### What you will do
Below are records with pictures. Reproduce exactly the lines from the line with "Automobilių restauratoriai padeda" to the line with "den ska sitta", inclusive, and leave each picture out.

### Data shown
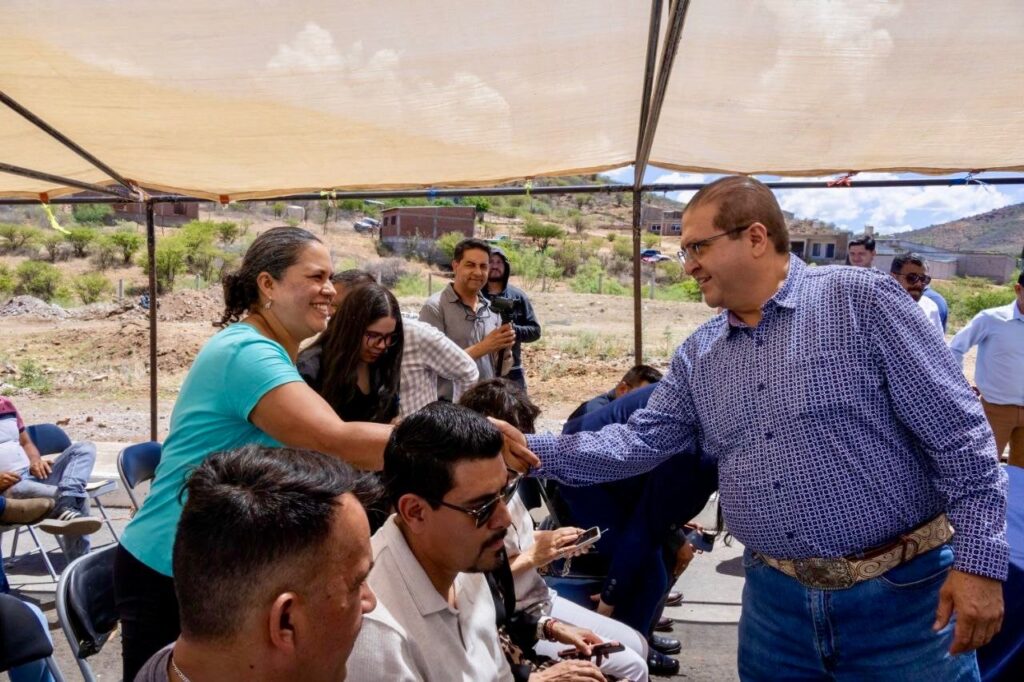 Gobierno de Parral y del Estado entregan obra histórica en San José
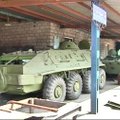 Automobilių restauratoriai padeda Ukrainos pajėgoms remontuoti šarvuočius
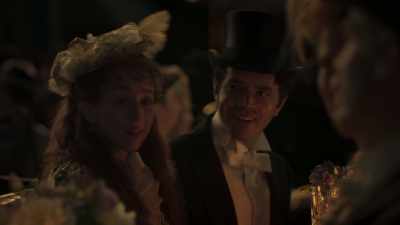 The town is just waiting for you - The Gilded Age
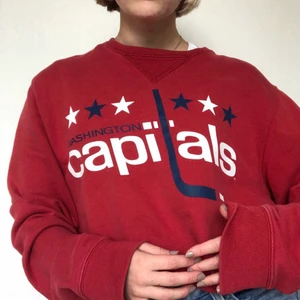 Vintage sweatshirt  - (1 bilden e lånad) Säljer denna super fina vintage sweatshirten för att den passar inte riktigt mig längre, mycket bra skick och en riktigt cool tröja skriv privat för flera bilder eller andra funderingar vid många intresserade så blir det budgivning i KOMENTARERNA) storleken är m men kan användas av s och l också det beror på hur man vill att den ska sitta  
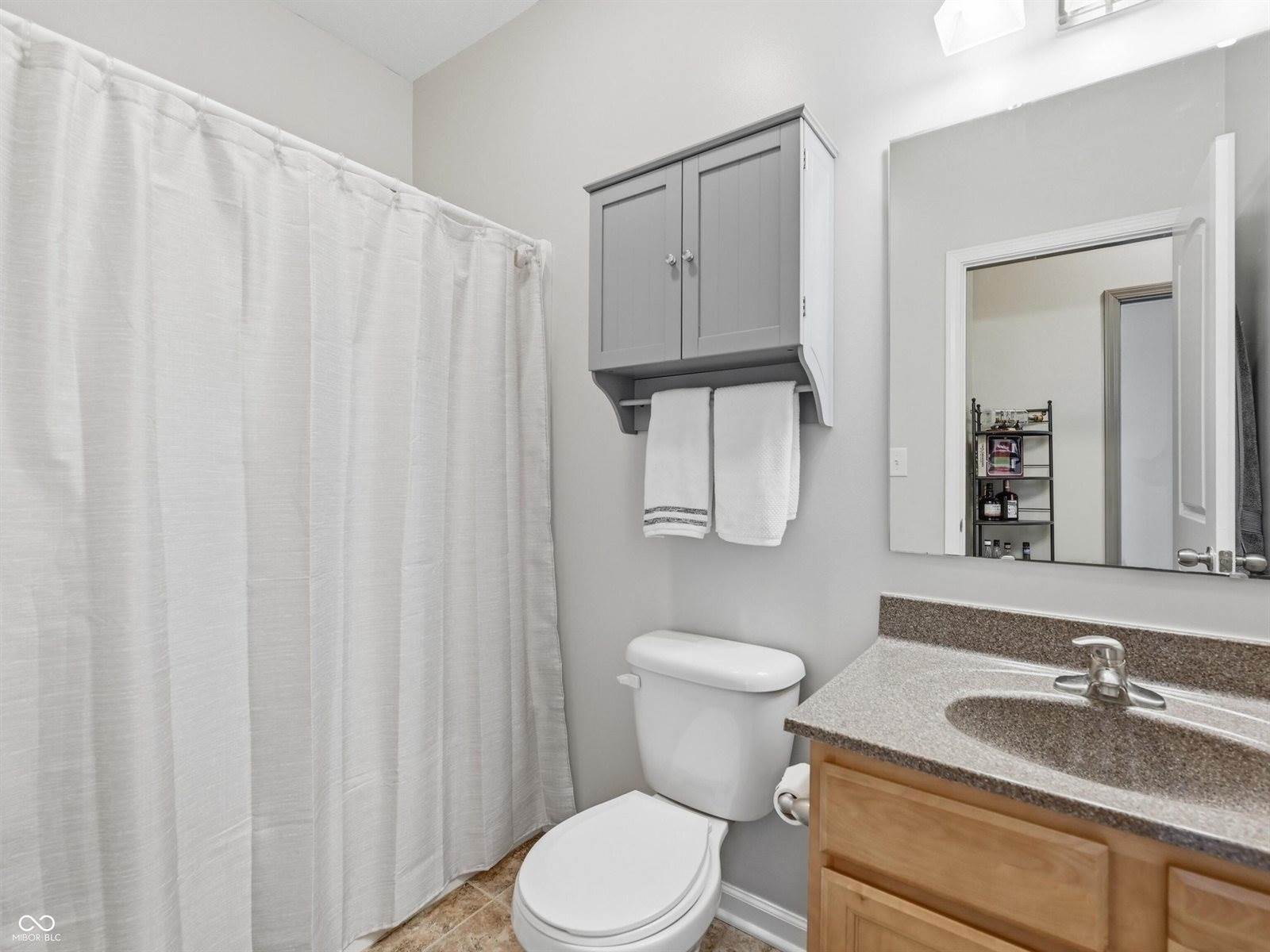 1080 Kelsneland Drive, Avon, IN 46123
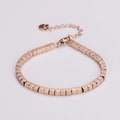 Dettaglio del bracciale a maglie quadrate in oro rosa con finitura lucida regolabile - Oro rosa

...

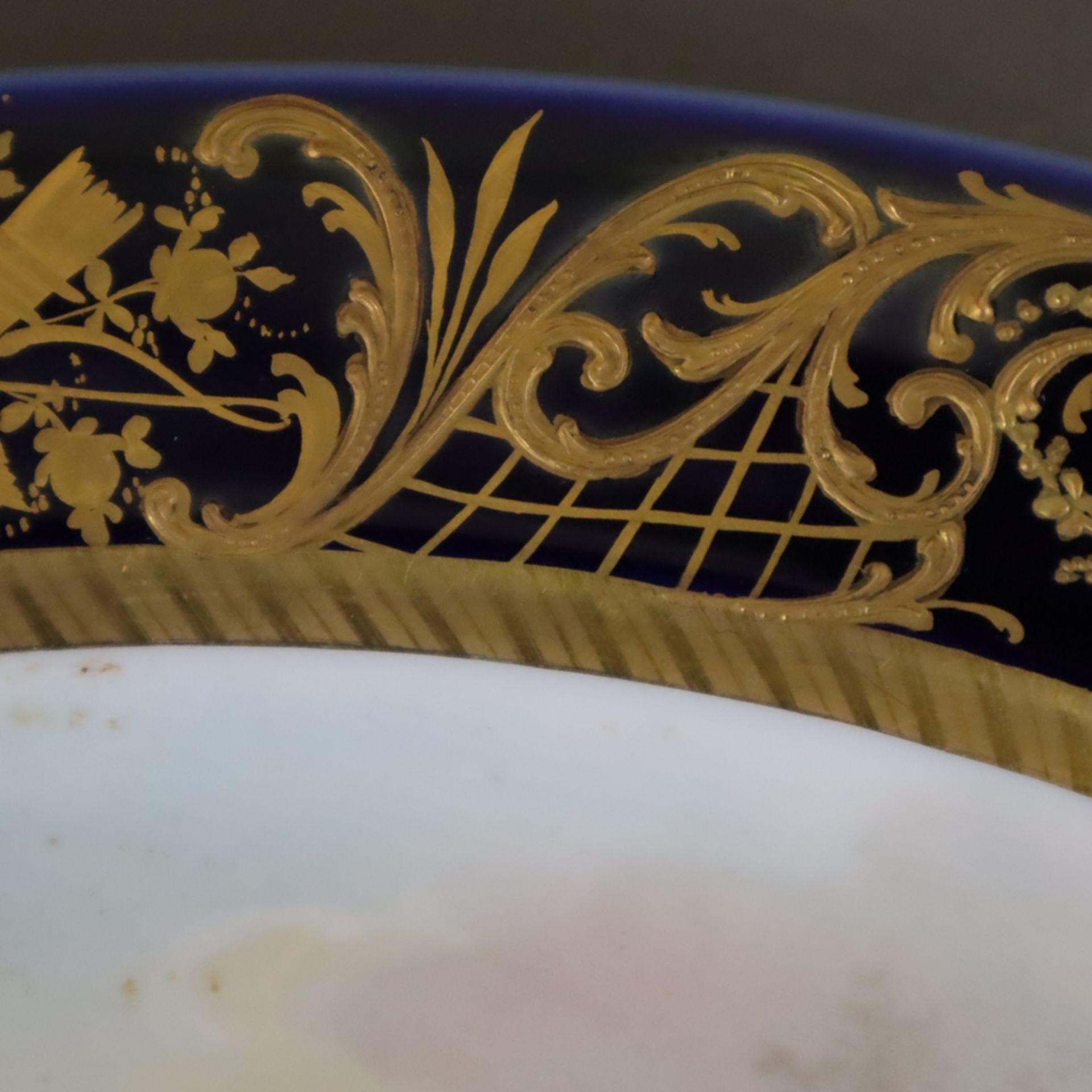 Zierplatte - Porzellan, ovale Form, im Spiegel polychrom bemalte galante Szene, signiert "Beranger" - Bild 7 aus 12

### Answer for this exercise
 Automobilių restauratoriai padeda Ukrainos pajėgoms remontuoti šarvuočius
 The town is just waiting for you - The Gilded Age
 Vintage sweatshirt  - (1 bilden e lånad) Säljer denna super fina vintage sweatshirten för att den passar inte riktigt mig längre, mycket bra skick och en riktigt cool tröja skriv privat för flera bilder eller andra funderingar vid många intresserade så blir det budgivning i KOMENTARERNA) storleken är m men kan användas av s och l också det beror på hur man vill att den ska sitta  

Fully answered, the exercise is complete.